But nothing went as planned. Hiroshi was just 5 years old when Shikanojo Yamauchi left the hometown Kyoto, leaving his wife, Kimi, and his son behind. Kimi couldn’t take care of Hiroshi on her own, so she gave him to her parents.

In David Sheff’s book Game Over – one of the few journalists in the world that has got the chance to get so close to Hiroshi Yamauchi –, he talks about how Hiroshi’s grandparents brought up him in the same tough way as they worked with Nintendo. His education and behavior were the most important things in his life, and the older Hiroshi got, the less he cared about listening to them. And Hiroshi started to change more and more, just to become the arrogant person we know him as today.

The 21-year old Hiroshi Yamauchi that went to visit his grandfather Sekiryo, where he lied and rested himself from a heart attack, had been abandoned by his father, given away by his mother, and brought up crudely by his grandparents, and it felt very hard for him to show any feelings due to these reasons. He didn’t want to speak with his father, although that Shikanojo returned, asking for forgiveness.

Sekiryo lied in his bed, totally exhausted, and explained that he couldn’t manage Nintendo anymore and that Hiroshi was the only person that could manage the company now, due to that his father had left.

Hiroshi didn’t hesitate a second. He accepted the offer, abandoned his studies and told his relatives and other persons working with Nintendo, that if somebody would question him, he would fire them immediately. Everybody should know that he was the chief.



Playing-cards and love-hotels



Nintendo was, to be honest, riding a rollercoaster, parallel with Hiroshi’s temper, during the first 20 years he ruled Nintendo.

Sekiryo actually died due to the heart-attack, and he did it believing that the family-company would soon get destroyed, thanks to Hiroshi. Hiroshi’s father also got a heart-attack, and died quite young. And Hiroshi would always see himself as a disappointment for the two most important men in his life.

Hiroshi started to get grey-haired before he had even got 30 years old. His company was selling playing-cards and portion-rice, he opened love-hotels that were hired out per hour, and he started new activities one after another. The world around him saw him as desperate and un-focused, and his employees never felt sure that they would keep their jobs.

But something happened 1969 that should change the future of the whole company. In Uji, one of Kyoto’s suburbs, Yamauchi founded a new part of Nintendo that he named Games. They were supposed to develop new exciting products that could be sold through the enormous distribution-net that Nintendo had built up for their playing-cards.

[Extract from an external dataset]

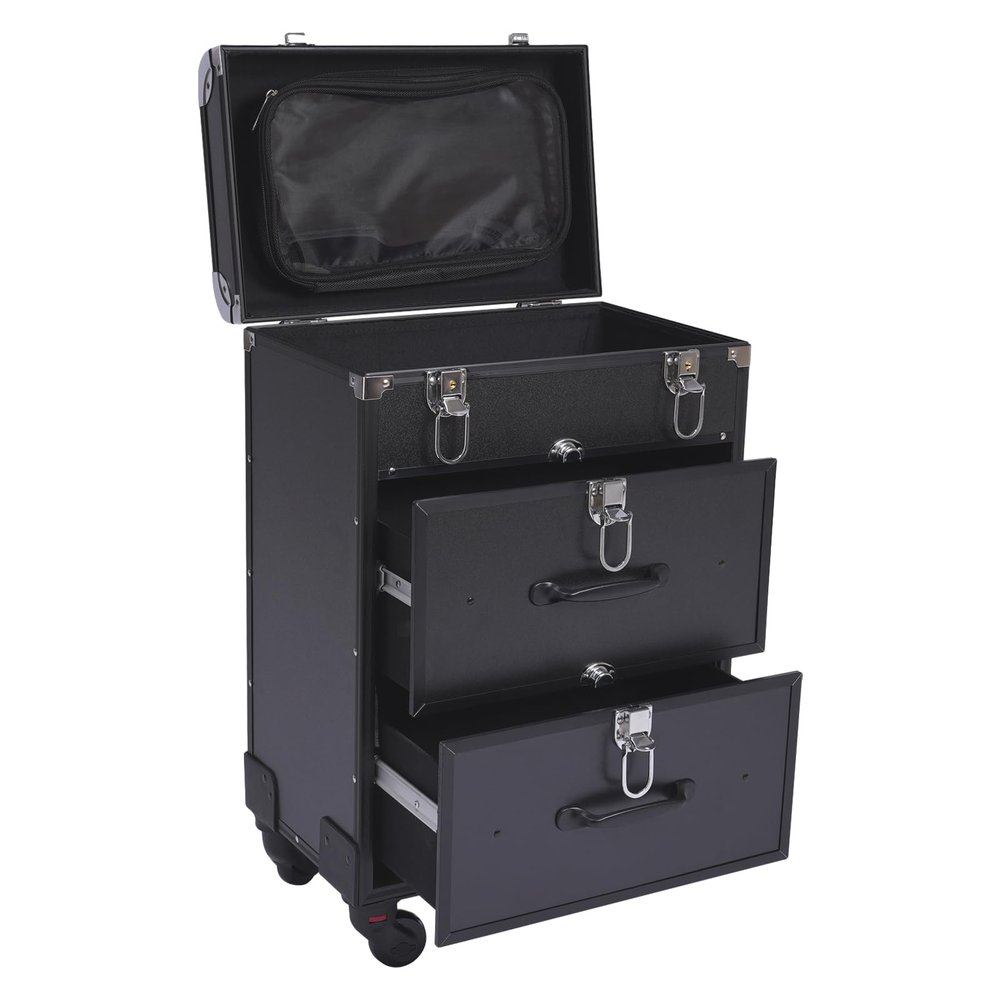 DilraTal Professional Rolling Makeup Case with Wheels, 3 Layers Cosmetic Case Rolling Makeup Case with Keys for Hairstylists Nail Tech, 14.2 * 9.1 * 22.8inch, Aluminum Alloy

The Games-part of Nintendo grew fast under the 70’s, with thanks to the Ultra products – the arm Ultra Hand, the baseball-thrower machine Ultra Machine and the periscope Ultra Scope were sold in more than two million copies in Japan –, but there still didn’t be any specific way to go. All Yamauchi wanted was to create good entertainment. This made it hard for Yamauchi to know what kind of people he should employ. He had to trust his instinct, and he tried to find people that were good with technical things. They also had to be young and have lot of ideas.

Some people that were employed in this early “version” of Nintendo’s gaming-division were Gumpei Yokoi, Masayuki Uemura, Genyo Takeda and Shigeru Miyamoto. The persons that were employed didn’t get any specific orders, so they didn’t have to create electronic games if they didn’t want to. The only things Yamauchi said was “make something good” and “trash all your old ideas and create something new”.

But I don’t think that Yamauchi realized that these 4 people should together create an entire gaming generation. And during the following decennium, the 80’s, Gumpei Yokoi would found Game & Watch and Game Boy, Masayuki Umera would design NES and Super NES, Genyo Takeda would make a revolution in the gaming-technology with his chip and battery-memory, and Shigeru Miyamoto would become the most powerful gaming-director ever.



Against all odds



The most productive years of Nintendo were between 1977 and 1982. They developed their first gaming machine for home usage – Color TV Game 6, that had 6 different Pong-clones –, they released arcade games and they developed the first Game & Watch-games.

Nintendo had suddenly become one of Japan’s most creative companies, and Hiroshi started to trust his staff more and more. He encouraged all original ideas, and his staff started to feel sure that they would keep their jobs.

Yamauchi also took all the big decisions himself. Nintendo-staff and other people could question him as much as they wanted; it still didn’t make any difference. Yamauchi trusted his instinct to 100 percent.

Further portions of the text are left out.